Statali, dirigenza: i tecnici del senato contestano lo schema di riforma del ministro Madia
ROMA – Uno dei capisaldi della riforma della pubblica amministrazione – predisposta dalla ministra Marianna Madia con la benedizione di Renzi – è sicuramente la riorganizzazione del reclutamento, delle carriere e della retribuzione dei dirigenti pubblici. Che sono già in rivolta e minacciano manifestazioni eclatanti. ma non sono loro soltanto a mettere in dubbio alcuni passaggi della nuova regolamentazione, che non piace neppure ai tecnici del senato, che l’hanno appena esaminata. Si prevede, in sostanza, meno stipendio base per i dirigenti della Pubblica amministrazione e più premi legati ai risultati ottenuti. I bonus potrebbero pesare in busta paga dal 30 al 40 per cento rispetto la retribuzione complessiva. Questo il tentativo ambizioso contenuto nella riforma della dirigenza pubblica, approvata il 25 agosto in prima lettura dal Consiglio dei ministri e ora all’esame del Parlamento, di Regioni e Comuni e del Consiglio di Stato.

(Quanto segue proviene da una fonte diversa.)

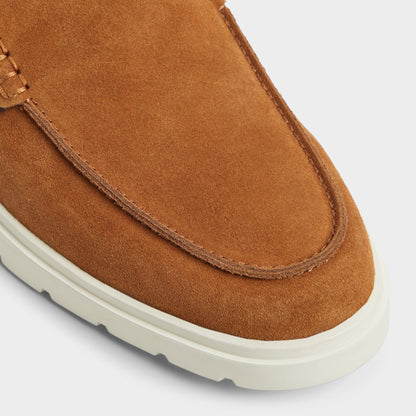 Aldo Odis Medium Brown Men's Casual Shoes - Loafer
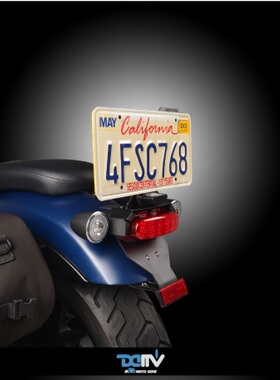 德国 DIMOTIV 适用HONDA本田 REBEL CM300 CM500 短尾牌照架 DMV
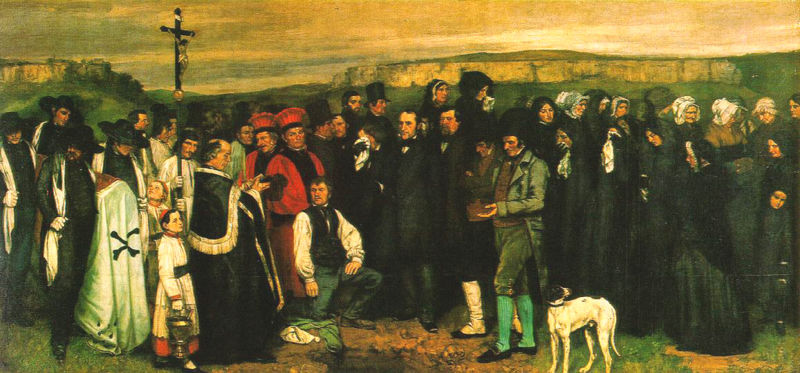 realistisch schilderij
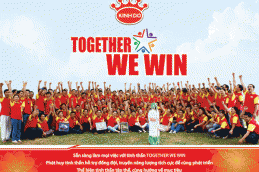 Working with the spirit "TOGETHER, WE WIN" 1515 Thumb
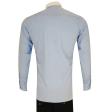 Plain Blue Shirt : Business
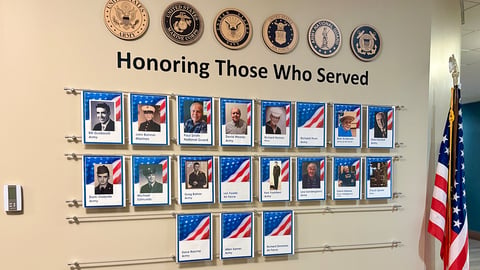 Fairview and Ebenezer Leaders Honor Veteran Residents Ahead of Memorial Day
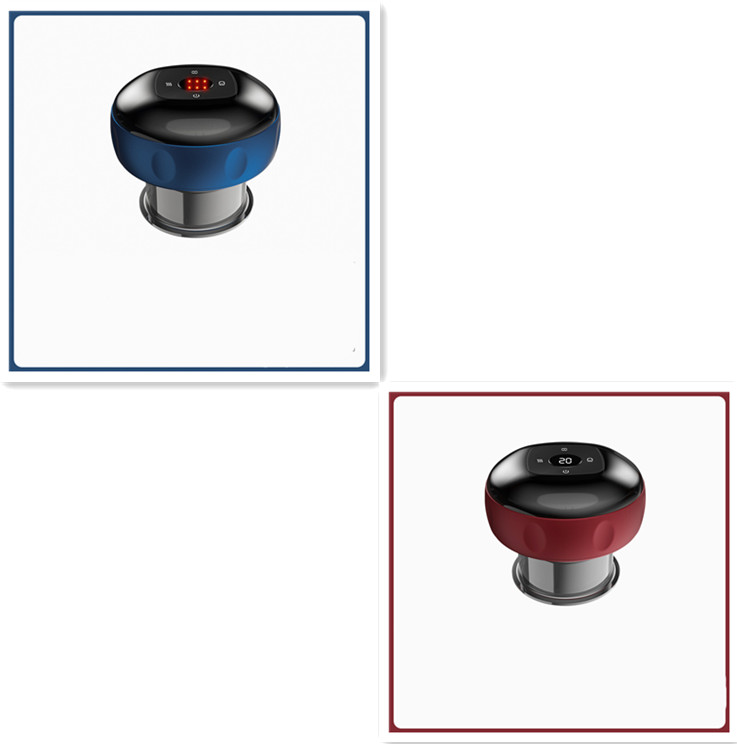 Smart Vacuum Cupping Massager view 2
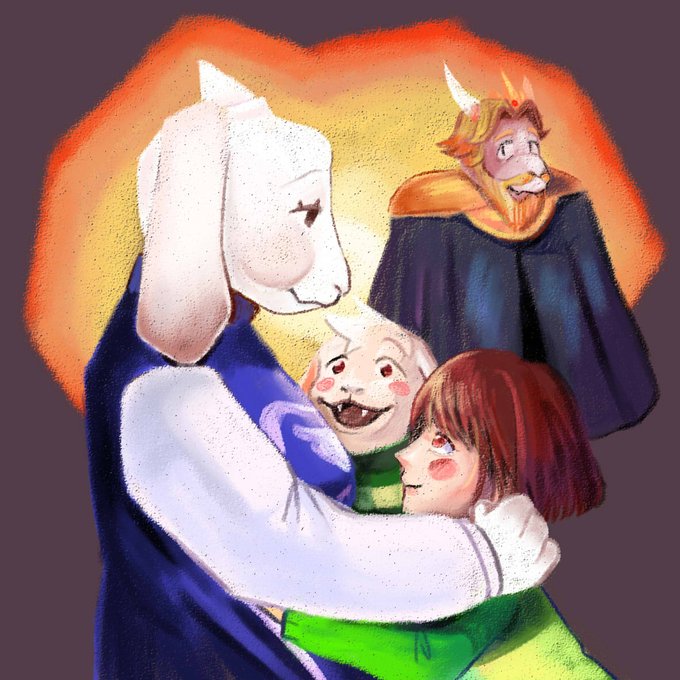 #Asgore. 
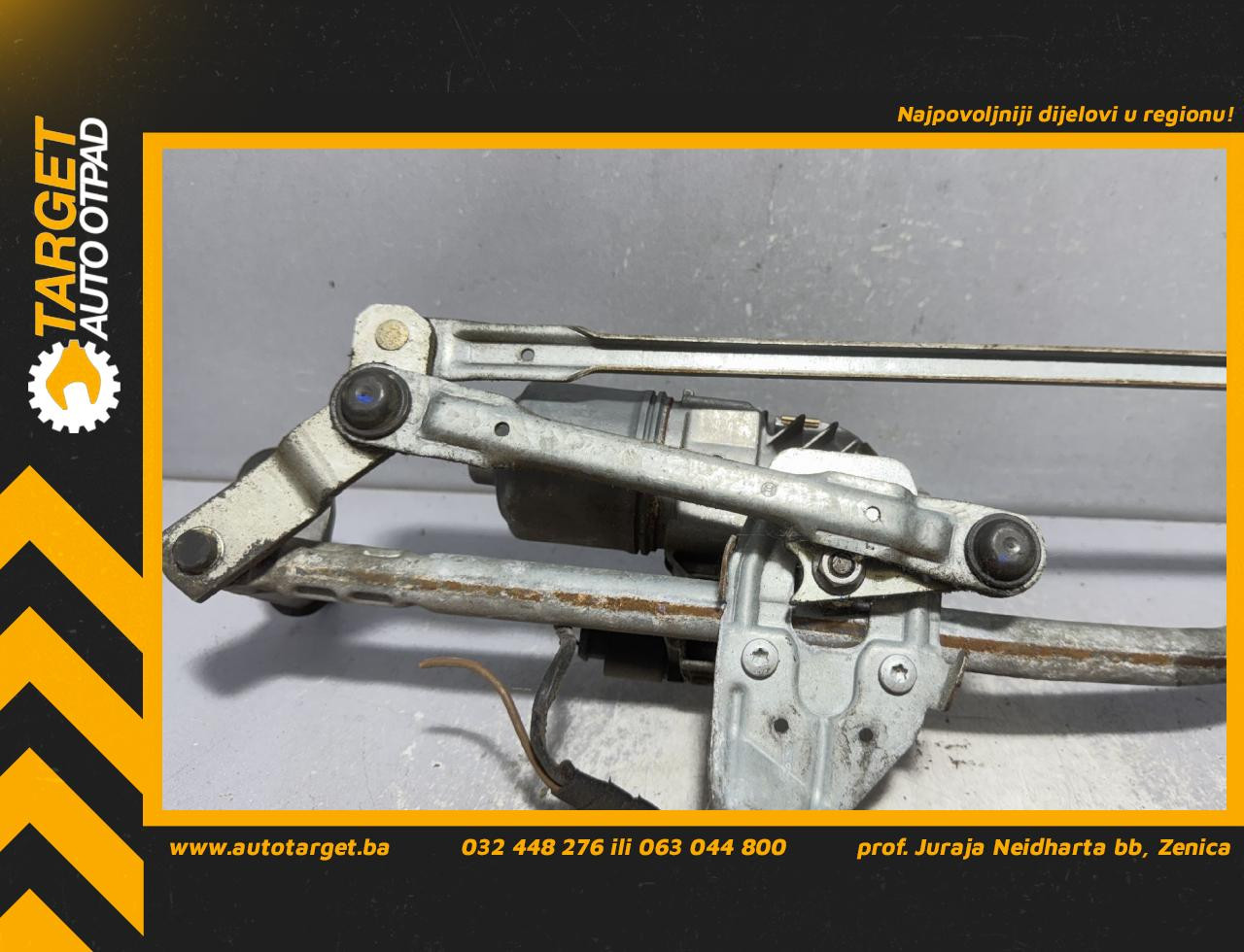 MOTORIC PREDNJEG BRISACA SKODA YETI > 10-13 5L1955119A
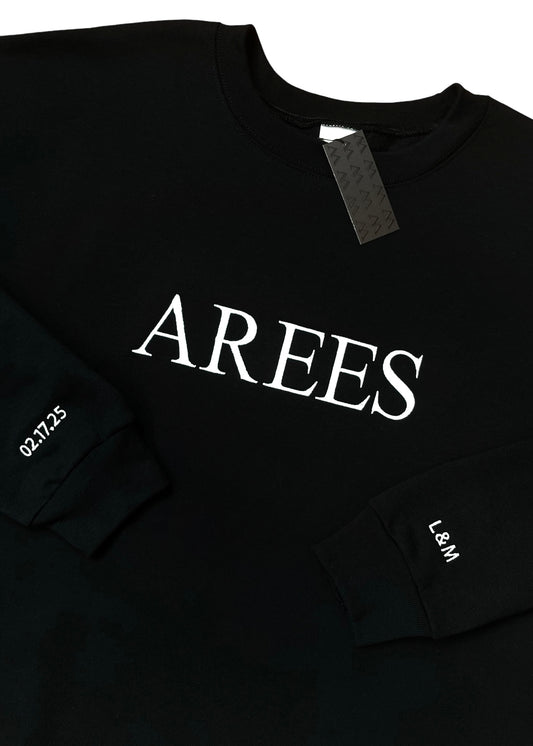 Arees Embroidered Crewneck (Groom)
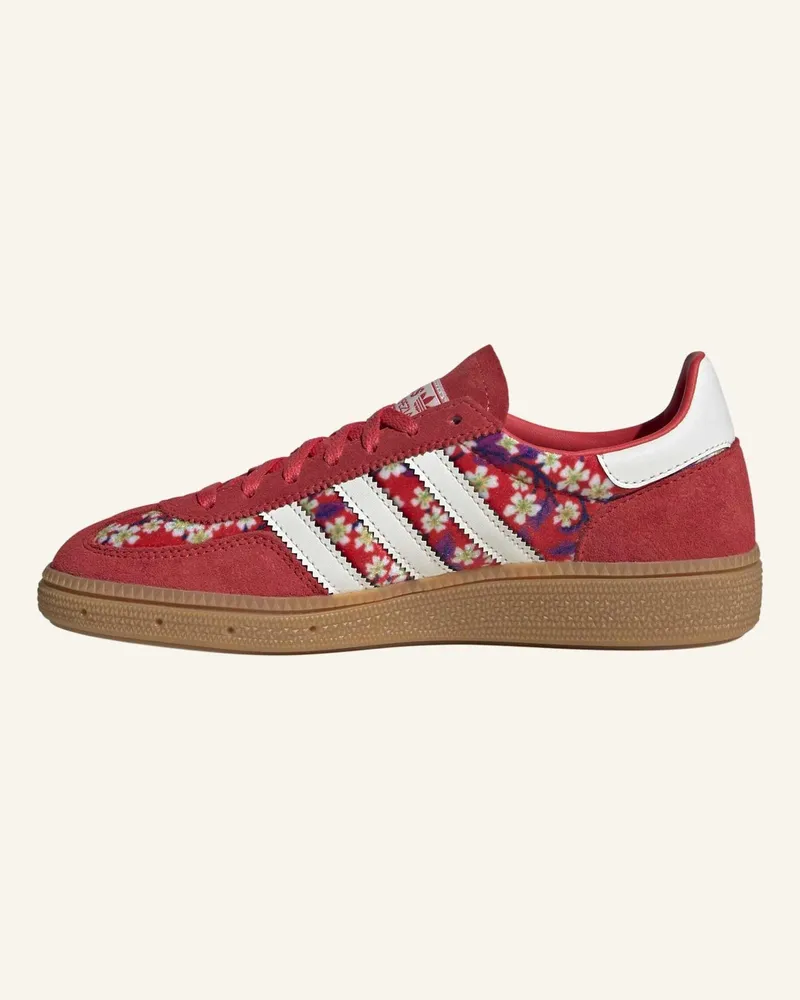 adidas HANDBALL SPEZIAL X LIBERTY LONDON SCHUHE FÜR KINDER Rot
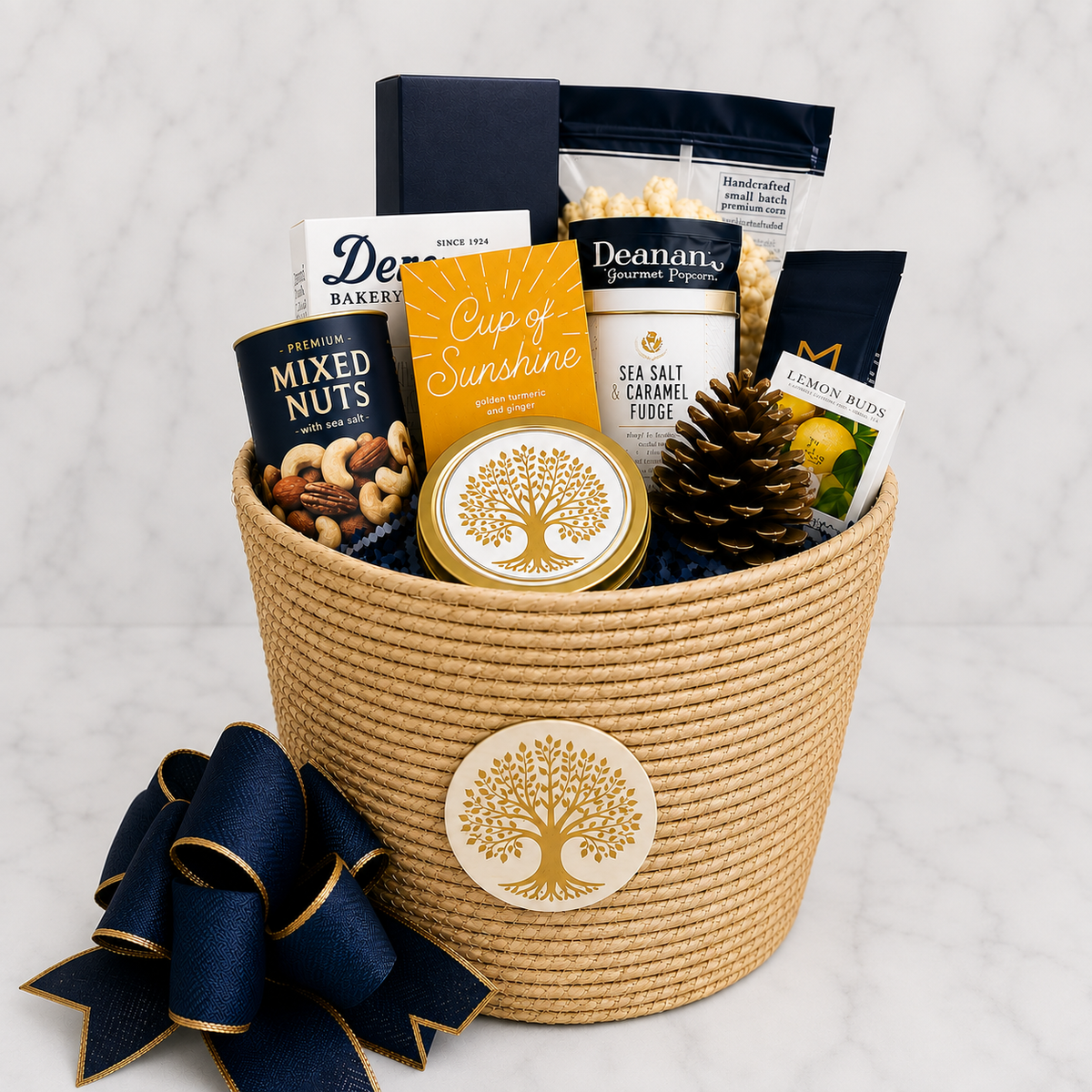 Sympathy Gift Basket for Family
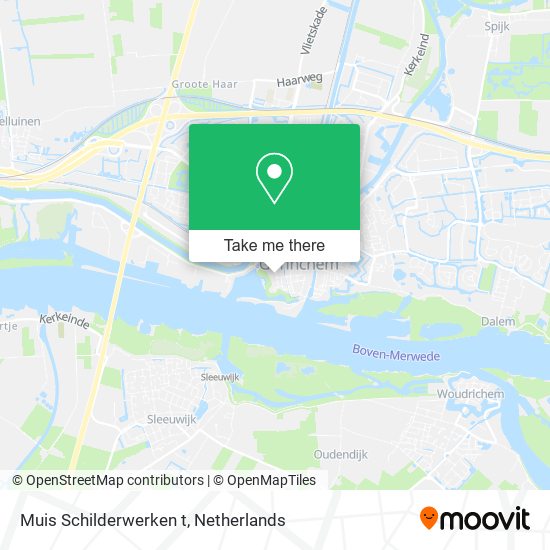 Muis Schilderwerken t map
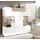 OTTO home Highboard Toledo 147,5 x 132 cm Weiß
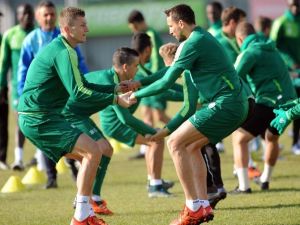 Bursaspor’da Eskişehirspor Maçı Hazırlıkları Sürüyor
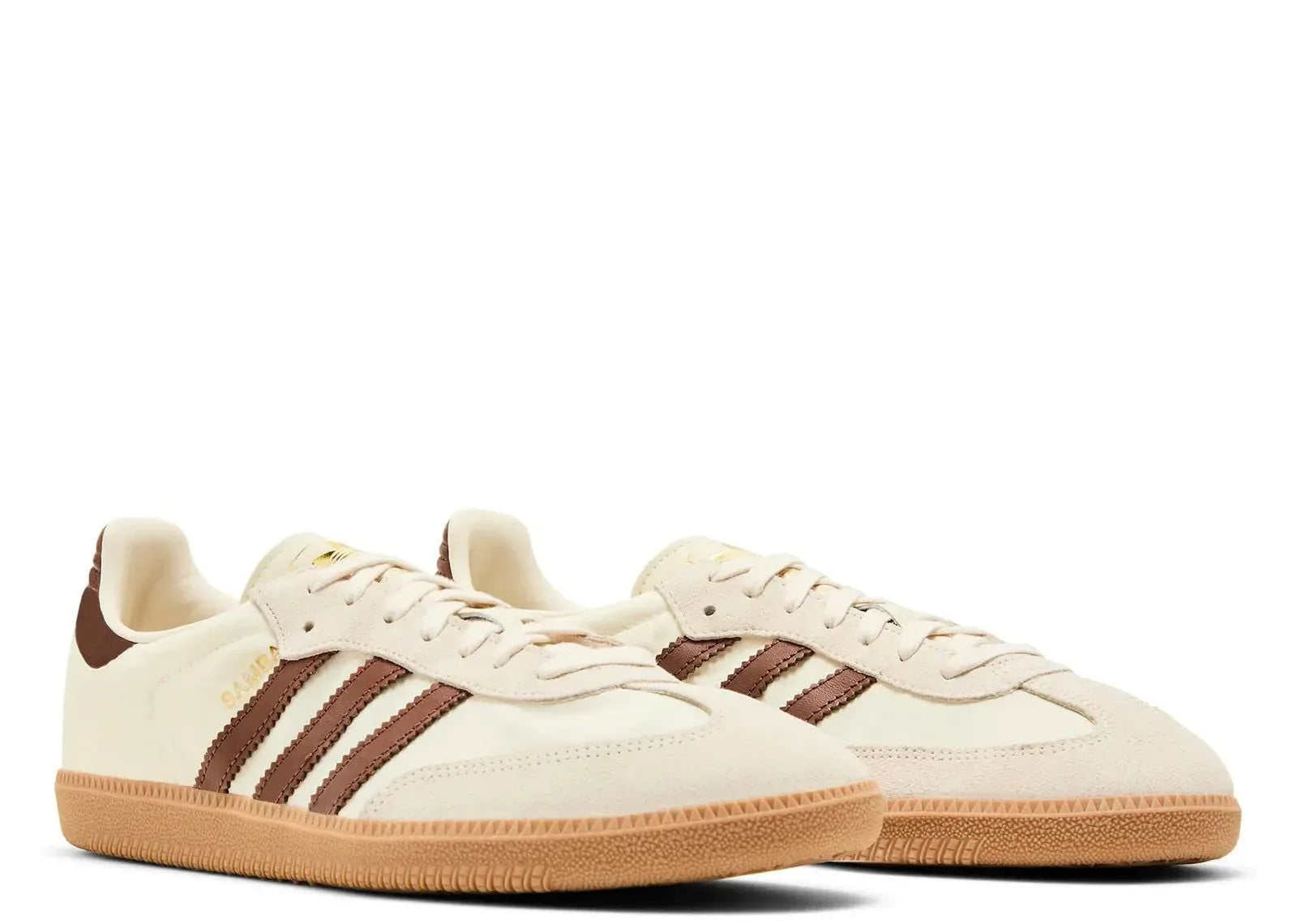 adidas Samba OG Cream White Preloved Brown - Sneaker Türkiye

SENATO – Ma dopo poco più di un mese dall’approvazione del testo, i tecnici del servizio Bilancio del Senato, ufficio che si occupa di valutare i testi dal punto di vista delle coperture di spesa, sollevano i primi dubbi sulla norma voluta dal ministero di Marianna Madia, spiegando che così come pensata potrebbe rimanere solo su carta. Il punto è contenuto nell’articolo 8 del decreto, che fissa due principi per i futuri stipendi della dirigenza. Entrambi riguardano i risultati dei manager pubblici, che dovrebbero diventare una parte consistente della loro retribuzione. La regola generale è che la fetta di stipendio legata ai risultati (retribuzione accessoria) non potrà essere inferiore al 50% di quella complessiva che spetta al dirigente. Di questo 50% almeno il 30% dovrà cadere sotto la voce “premio”, mentre la restante parte dovrà contenere il resto: le indennità di posizione e la remunerazione delle responsabilità. Per quanto riguarda, invece, i dirigenti generali, quelli con i gradi più alti, la quota variabile sale al 60 per centro, mentre il premio almeno al 40 per cento. Secondo i tecnici parlamentari il meccanismo così come pensato non potrebbe funzionare, soprattutto la parte legata al premio.
CRITICITÀ – Oggi la soglia minima della retribuzione di risultato è al 10%. La riforma Madia, come detto, la fa salire al 30% e 40%. Triplicare, o addirittura quadruplicare, il premio – scrivono nel dossier i tecnici del senato- «non sembrerebbe possibile», in quanto comporterebbe un incremento degli stipendi dirigenziali e, di conseguenza, più costi per lo Stato. Per evitare l’aumento generalizzato una soluzione potrebbe essere, in sede di rinnovo del contratto, quella di modificare le parti “fisse” dello stipendio, riducendole del 20-30 per cento. In questo modo, ogni dirigente si vedrebbe diminuire lo stipendio base e aumentare, invece, la parte legata ai risultati. Più si impegna, quindi, più potrà aumentare le possibilità di non vedersi decurtare lo stipendio. Nel dossier, però, anche questa opzione viene messa in dubbio. Non è possibile infatti un rinnovo del contratto che tagli in modo drastico le quote “fisse” della retribuzione per spostarle sulla parte “premiale”, dicono i tecnici del Bilancio. È la stessa norma del decreto Madia a imporre paletti in tal senso: i futuri contratti, infatti, dovranno garantire agli attuali dirigenti il trattamento economico fondamentale maturato negli anni di servizio. Insomma, ai “capi” di lunga data il meccanismo non è poi così semplice da applicare, soprattutto in quelle amministrazioni dove il premio pesa di più, come l’Agenzie delle Entrate. Un’altra gatta da pelare per Renzi e il suo Governo, che vorrebbero concentrarsi, fino al 4 dicembre, solo sulla battaglia per il referendum costituzionale.